(DATA SHOWN)
^^^^^^^^
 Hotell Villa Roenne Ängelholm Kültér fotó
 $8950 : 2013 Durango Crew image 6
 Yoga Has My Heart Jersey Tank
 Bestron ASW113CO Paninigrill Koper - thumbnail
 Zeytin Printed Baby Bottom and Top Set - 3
^^^^^^^^
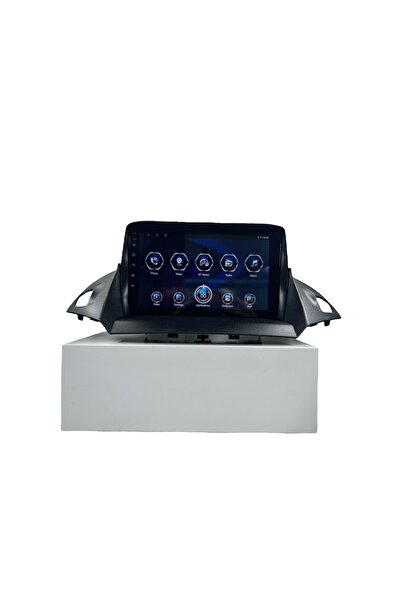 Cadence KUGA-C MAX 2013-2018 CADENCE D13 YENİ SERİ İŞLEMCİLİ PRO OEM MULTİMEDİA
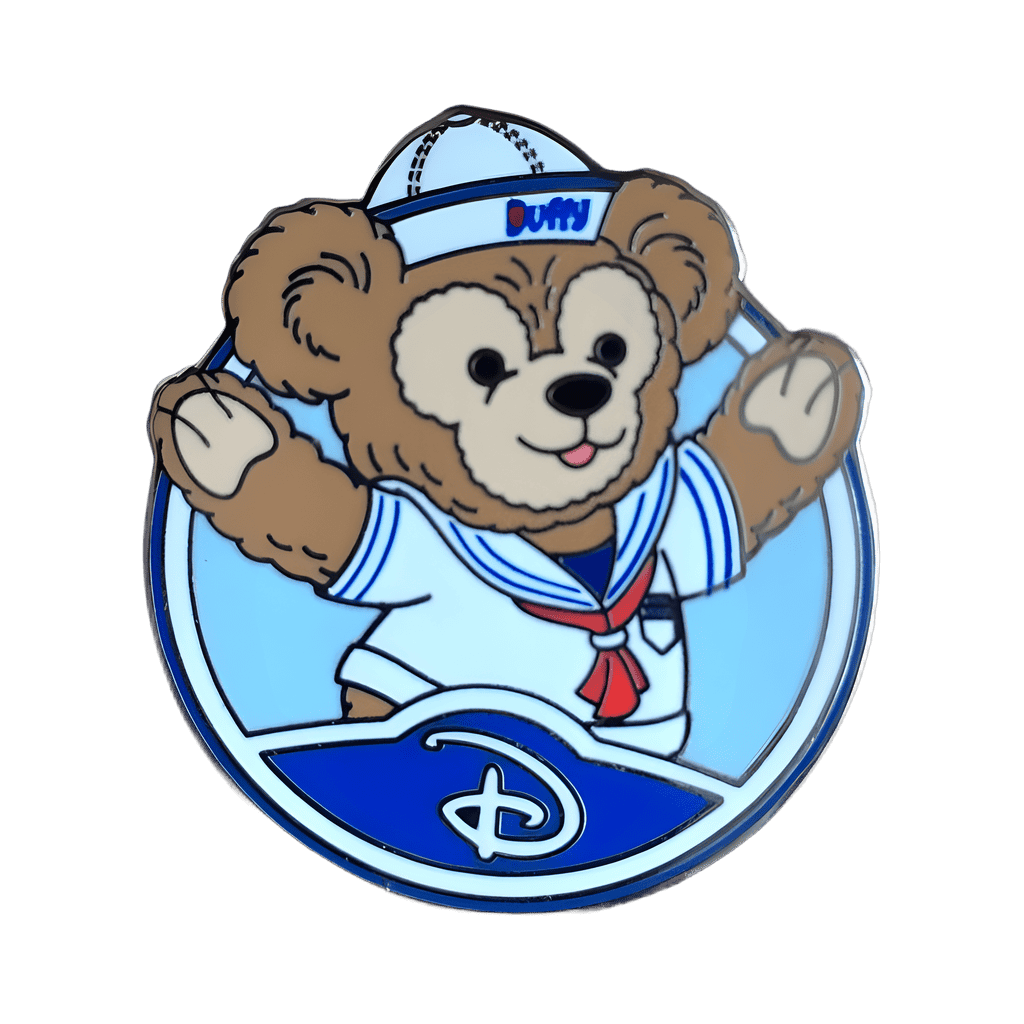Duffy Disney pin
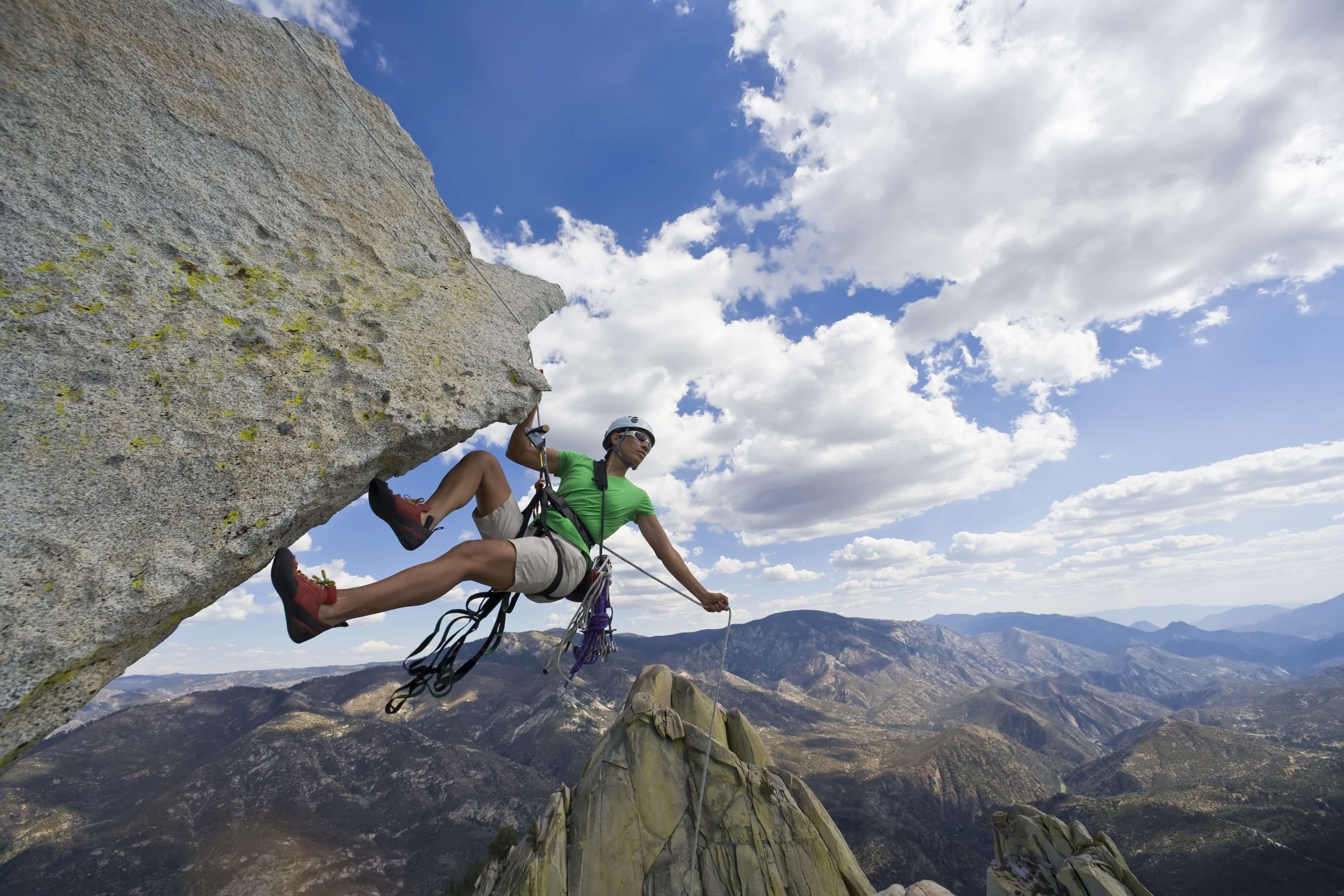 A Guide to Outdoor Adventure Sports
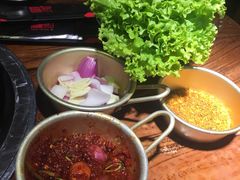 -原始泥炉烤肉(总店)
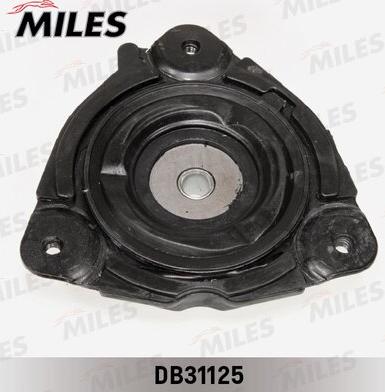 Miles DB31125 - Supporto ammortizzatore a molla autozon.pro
^^^^^^^^
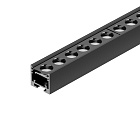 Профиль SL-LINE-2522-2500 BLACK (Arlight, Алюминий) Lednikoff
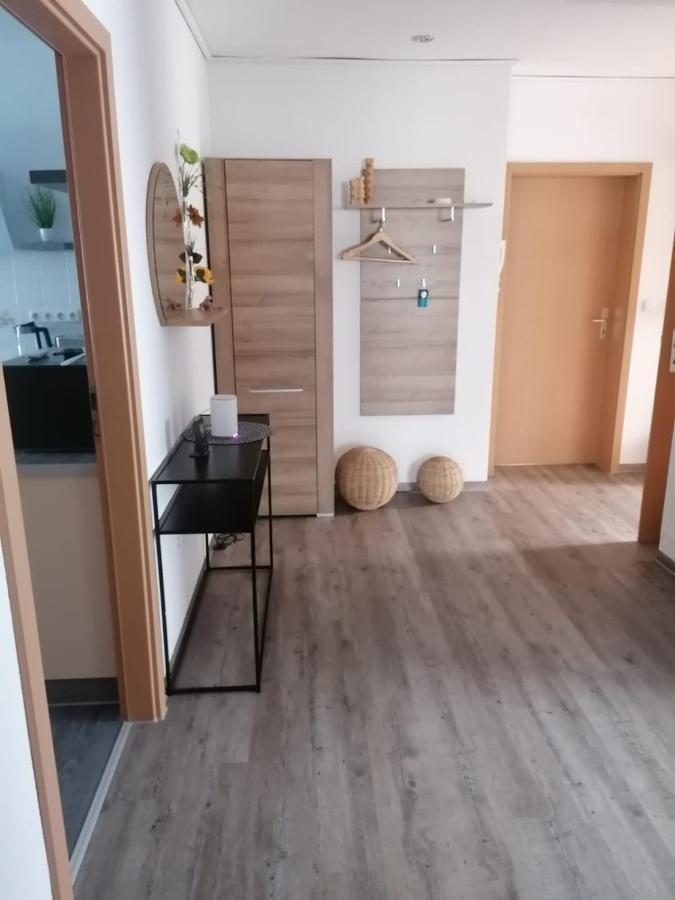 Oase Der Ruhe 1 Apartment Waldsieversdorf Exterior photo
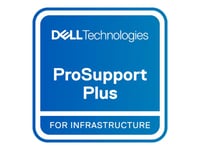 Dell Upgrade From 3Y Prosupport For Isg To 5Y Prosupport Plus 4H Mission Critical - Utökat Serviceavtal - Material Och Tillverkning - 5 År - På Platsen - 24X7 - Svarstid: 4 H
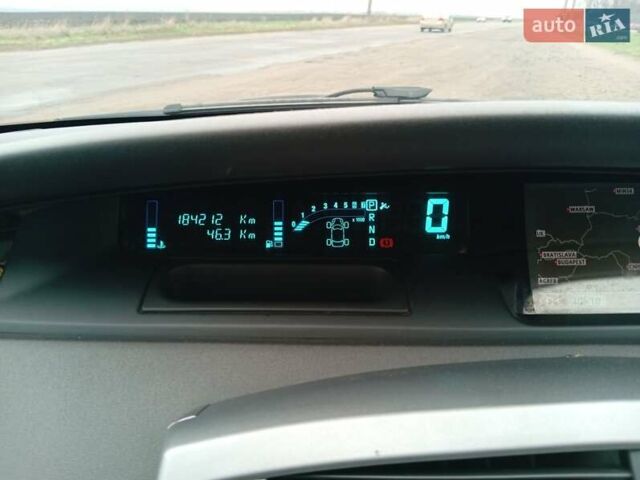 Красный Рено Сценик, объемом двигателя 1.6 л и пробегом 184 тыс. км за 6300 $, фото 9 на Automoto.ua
^^^^^^^^
(WORK TASK) Going back over the entries above, copy word for word every line from the one that has "Hotell Villa Roenne Ängelholm Kültér fotó" on through the one that has "Zeytin Printed Baby Bottom and Top Set - 3".

(WRITTEN RESPONSE)
 Hotell Villa Roenne Ängelholm Kültér fotó
 $8950 : 2013 Durango Crew image 6
 Yoga Has My Heart Jersey Tank
 Bestron ASW113CO Paninigrill Koper - thumbnail
 Zeytin Printed Baby Bottom and Top Set - 3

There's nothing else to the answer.